Coaxed by a reporter to say Pierolapithecus catalaunicus represented a "missing link," Meike Kohler, another of the paper's co-authors, demurred. "I don't like, very much, to use this word."
Kohler added: "This does not mean that just this individual - or even this species, exactly this species - must have been the species that gave rise to everything else which came later in the great ape tree. But it is, if not the species, most probably a very closely related species that gave rise to it."
Maybe. Maybe not, argues David Strait, an assistant professor of anthropology at the University at Albany who studies early humans. He said the specimen is "spectacular," but he worried the team's approach to assigning evolutionary relationships was a bit informal and needs confirmation by more rigorous methods.
"'Ancestor' is a loaded term. It's very hard to identify ancestors in the fossil record," Strait cautioned.
The site near Barcelona that yielded the specimen had only one hominid, or ape-like primate. Moya-Sola said apes, however, were common in the area millions of years ago. The team has already found a tooth elsewhere and expects to find more hominid fossils.
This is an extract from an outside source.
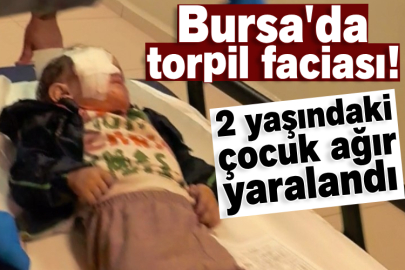 Bursa'da torpil faciası! 2 yaşındaki çocuk ağır yaralandı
Still, scientists who puzzle through the mysteries of early human history were electrified by the Pierolapithecus catalaunicus discovery.
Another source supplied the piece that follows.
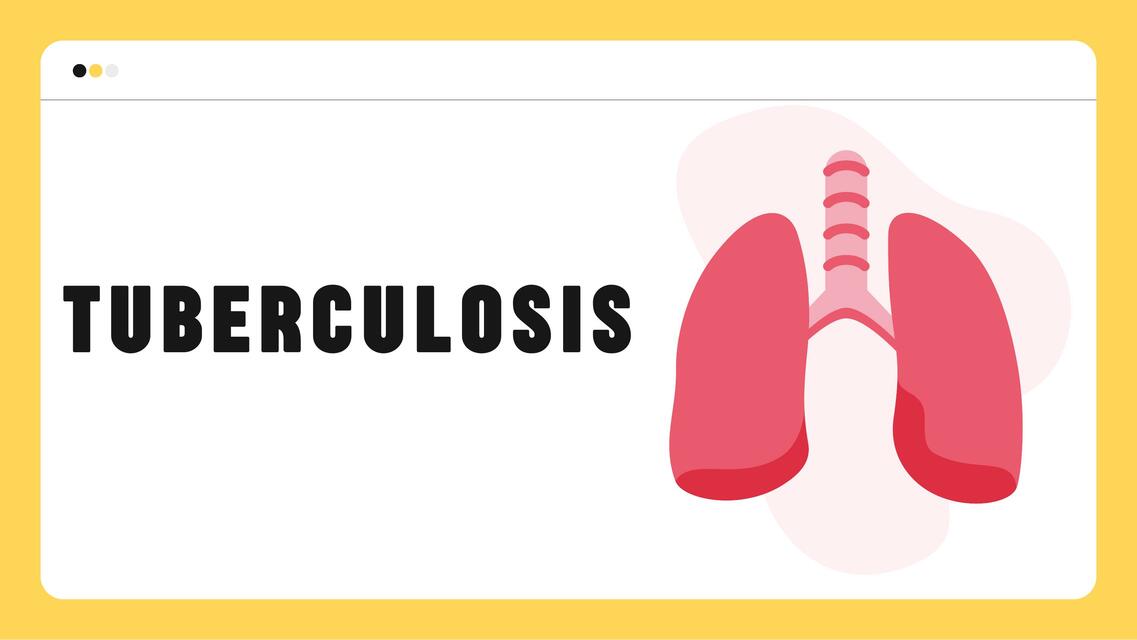 TUBERCULOSIS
"This is a remarkable find," said F. Clark Howell, a University of California at Berkeley professor emeritus. "It indicates a diversity in hominids ... in western Eurasia at a time where we're beginning to think we had a good handle on how much diversity there was."
Howell helps run a National Science Foundation initiative that examines hominid origins.
Living great apes include humans, chimps, gorillas and orangutans. The group is thought to have split from the lesser apes, such as gibbons and siamangs, about 14 million to 16 million years ago.
Paleontologists have searched for remains of great ape ancestors after that key split. Fossils have been scarce and hypotheses floated on the basis of bone fragments.
The team led by Moya-Sola and Kohler pieced together 83 bones and identifiable fragments of bones from an adult male ape.
This ape didn't swing through trees with the curved fingers of an orangutan. Nor did it knuckle-walk on four limbs with the horizontal trunk posture of a chimp.
The ape's body design suggests it was an adept and agile climber that kept its trunk upright. To do that, its chest had to be shaped in a certain way and the shoulder blades needed to hold to a certain position on the back.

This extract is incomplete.